Particular | Amount |
Gross Total Income | 18,50,000 |
Less: -Deduction | 2,50,000 |
Taxable Income | 16,00,000 |
Tax Payable 2,50,000 to 5,00,000 – 12,500 5,00,001 to 10,00,000 – 1,00,000 Above 10,00,000 – 180,000 (600,000*30%) | 2,92,500 |
Cess | 11,700 |
Total Tax Payable | 3,04,200 |
Particular | Amount |
Gross Total Income | 18,50,000 |
Les: – Deduction | 0 |
Taxable Income | 18,50,000 |
Tax Payable 2,50,000 to 5,00,000 – 12,500 5,00,001 to 7,50,000 – 25,000 7,50,001 to 10,00,000 -37,500 10,00,001 to 12,50,000 -50,000 12,50,001 to 15,00,000 -62,500 Above 15,00,00– 1,05,000 | 2,92,500 |
Cess | 11,700 |
Total Tax Payable | 3,04,200 |
With the above examples, we evaluated that if an individual’s income is below 15,00,000, he can opt for the old tax regime.

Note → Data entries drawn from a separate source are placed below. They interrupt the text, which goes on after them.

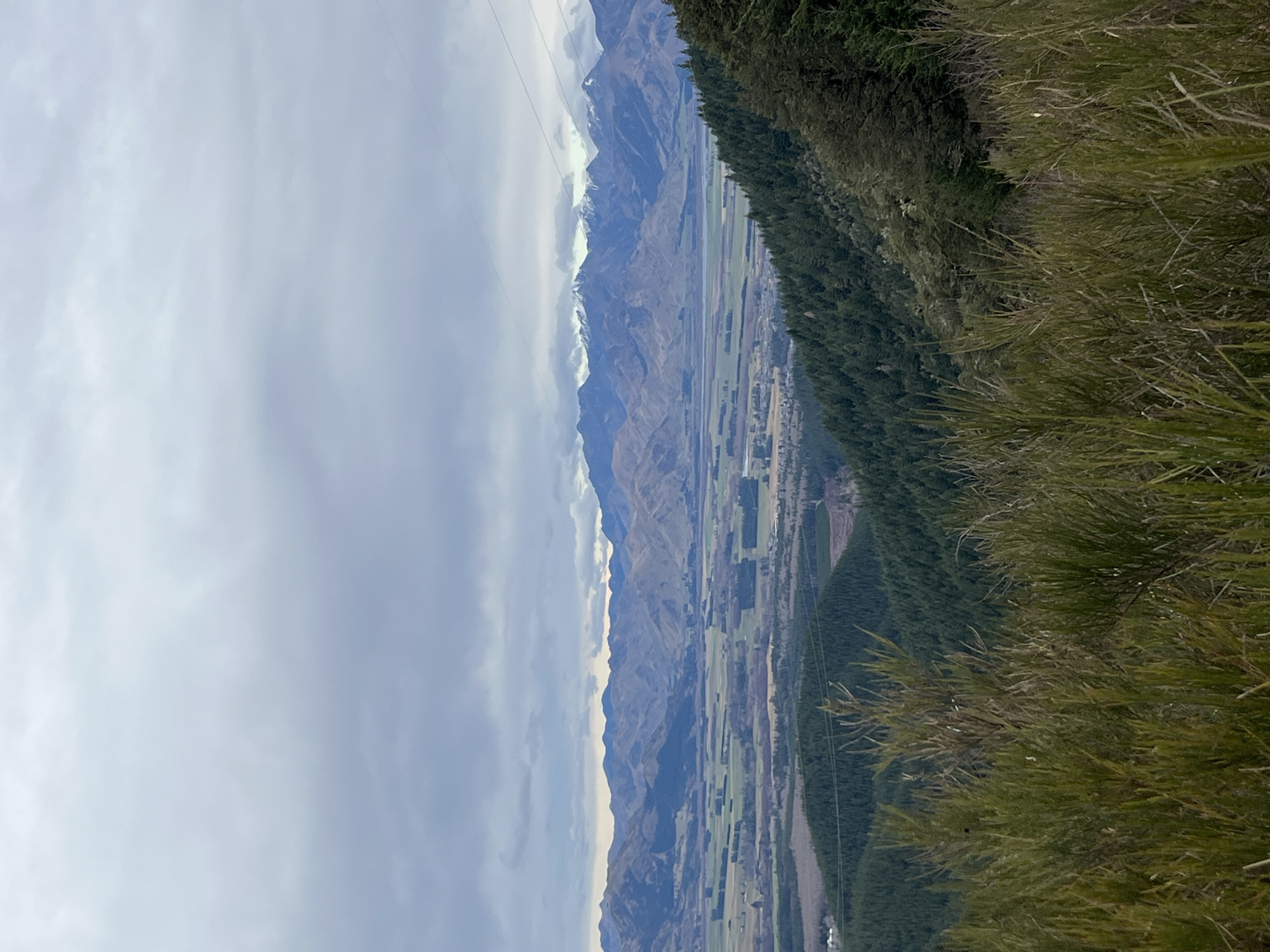 This image depicts a panoramic view from an elevated vantage point overlooking the Hanmer Springs valley in New Zealand. The foreground is dominated by dense, green foliage, likely native scrub or gorse, with some taller, slender branches extending upwards. Beyond this immediate vegetation, the landscape slopes downwards, revealing a vast expanse of rolling hills covered in dark green coniferous forests.

Further in the mid-ground, the valley opens up, showcasing agricultural fields with patches of lighter green and brown, interspersed with scattered clusters of trees. A small settlement or cluster of buildings is visible to the far left of the frame. In the background, a range of majestic mountains rises, their peaks partially dusted with snow, suggesting a higher altitude or colder climate. The sky above is overcast with thick, grey clouds, creating a diffused, cool light that casts subtle shadows across the terrain. Power lines are visible stretching across the upper portion of the image, indicating the presence of infrastructure. The overall scene conveys a sense of remote, natural beauty, typical of the Canterbury region of New Zealand.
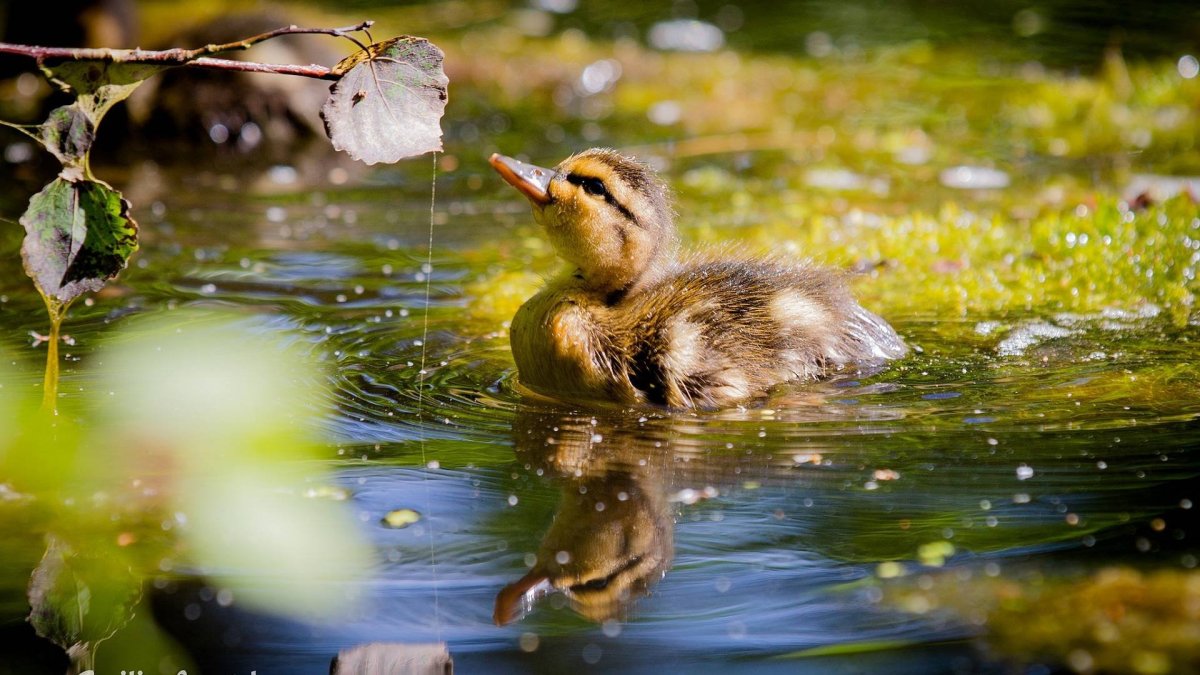 Красивое озеро с утками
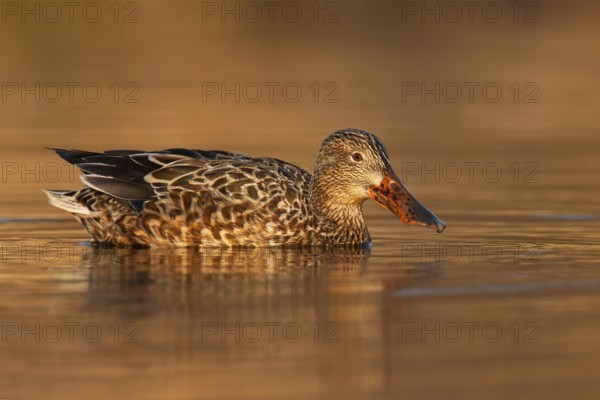 Northern Shoveler (Spatula clypeata) female, British Columbia, Canada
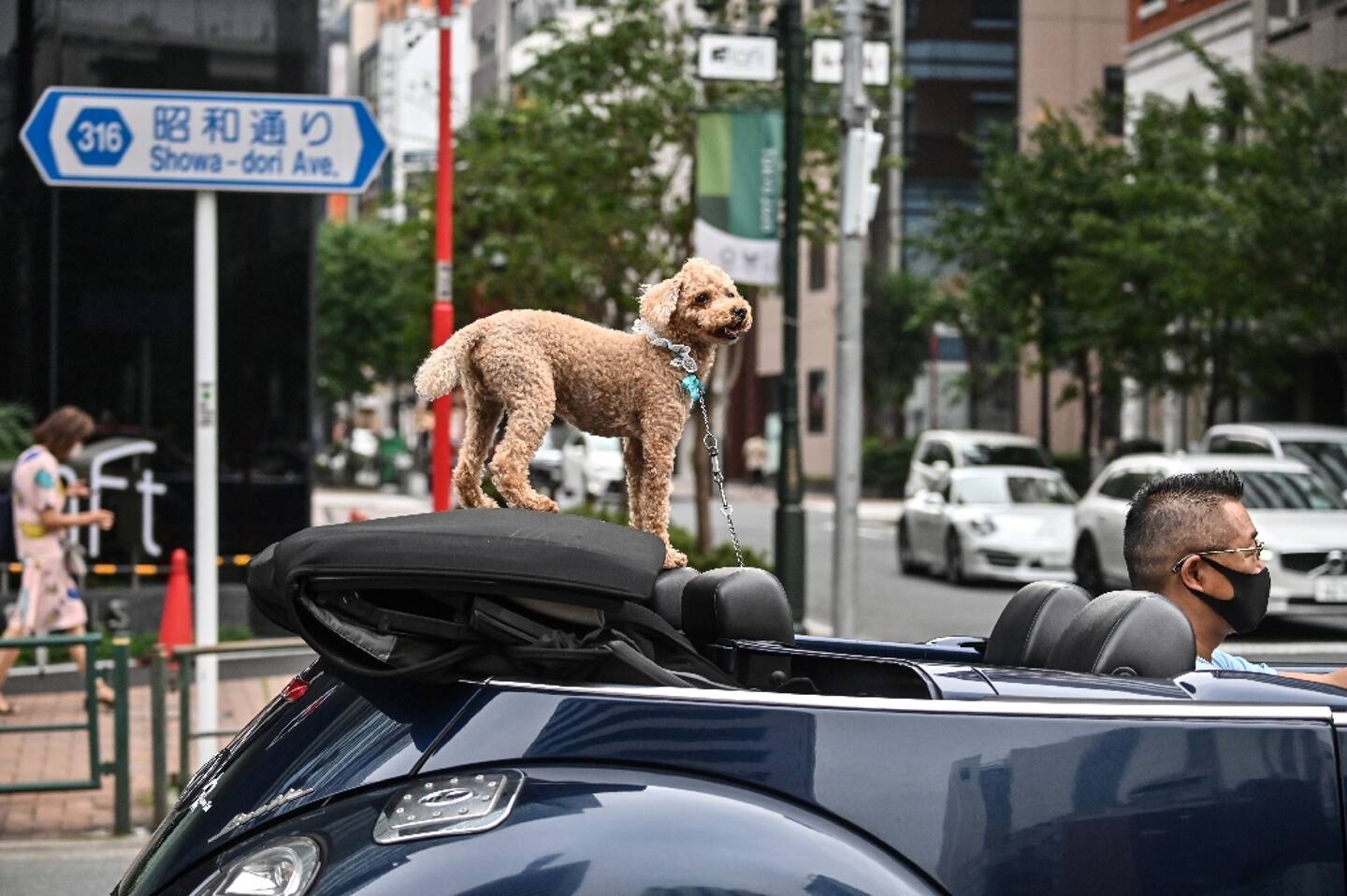 Avoir Un Chien Ou Un Chat Est Il Plus Mauvais Pour L Environnement Que De Rouler En Suv Nice Matin Avoir Un Chien Ou Un Chat Est Il Plus Mauvais Pour L Environnement Que De Rouler En Suv Nice Matin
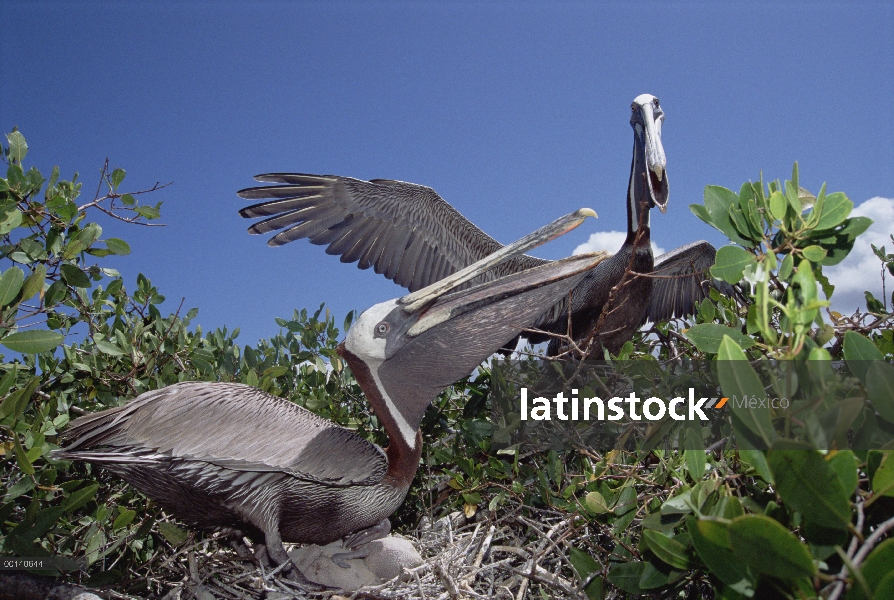 Par de Pelícano Pardo (Pelecanus occidentalis) exhibición en nido de felicitación paso en Costa mang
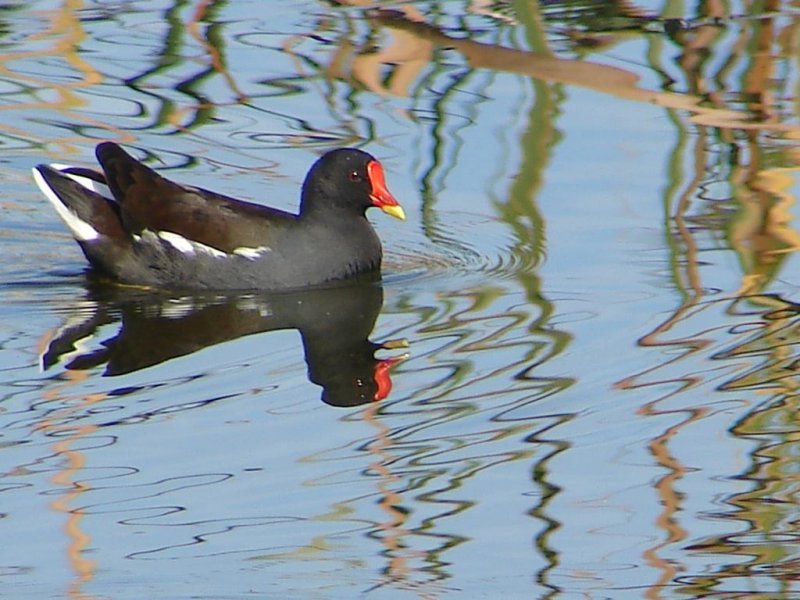 Galinha-dgua // Moorhen (Gallinula chloropus)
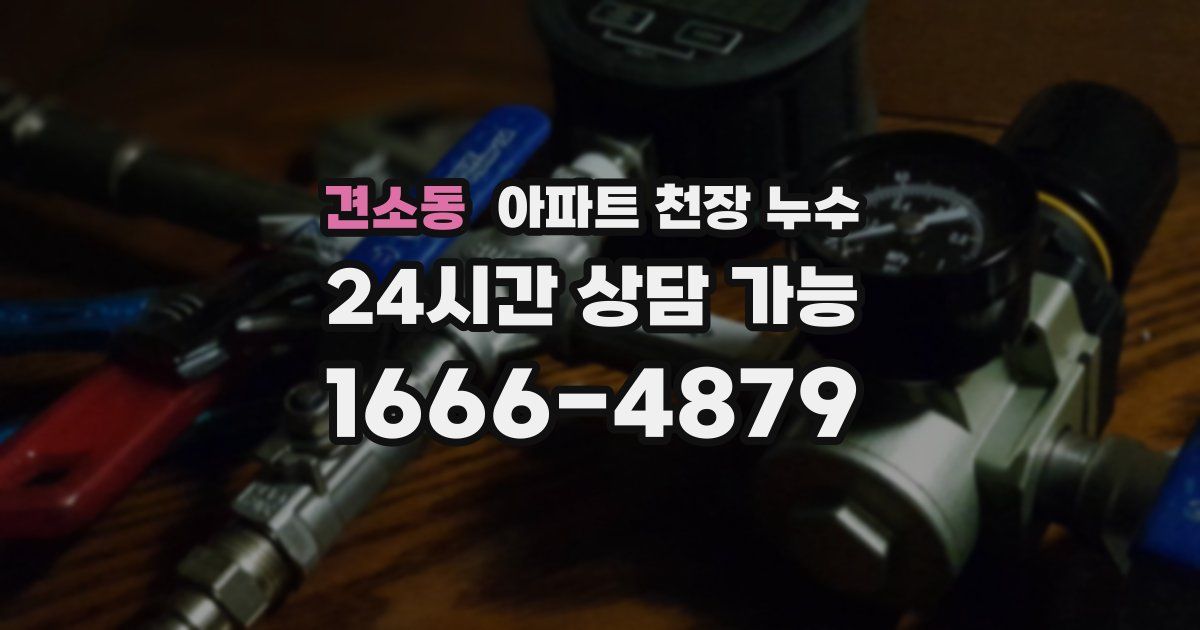 견소동 아파트 천장 누수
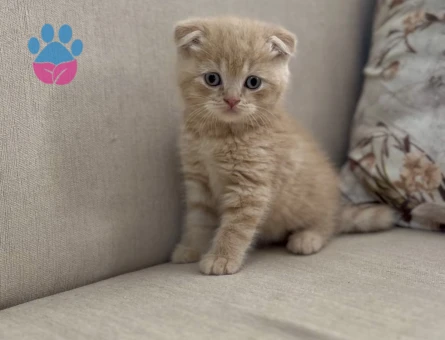 Scottish Fold Cream Erkek Topaç Kafa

Whereas, if an individual’s income is 15,00,000 or > 15,00,000, he will be at break-even point by applying both the tax regime.
However, in situations where a person has business profits, the option is valid for all years after the choice has been exercised. Simultaneously, the person who has no business income is exercising the opportunity for each year.

Shalini Mathur
Shalini Mathur is associated with LegalWiz.in as Operational Executive of the Company, handling various MCA related compliance and various legal drafting.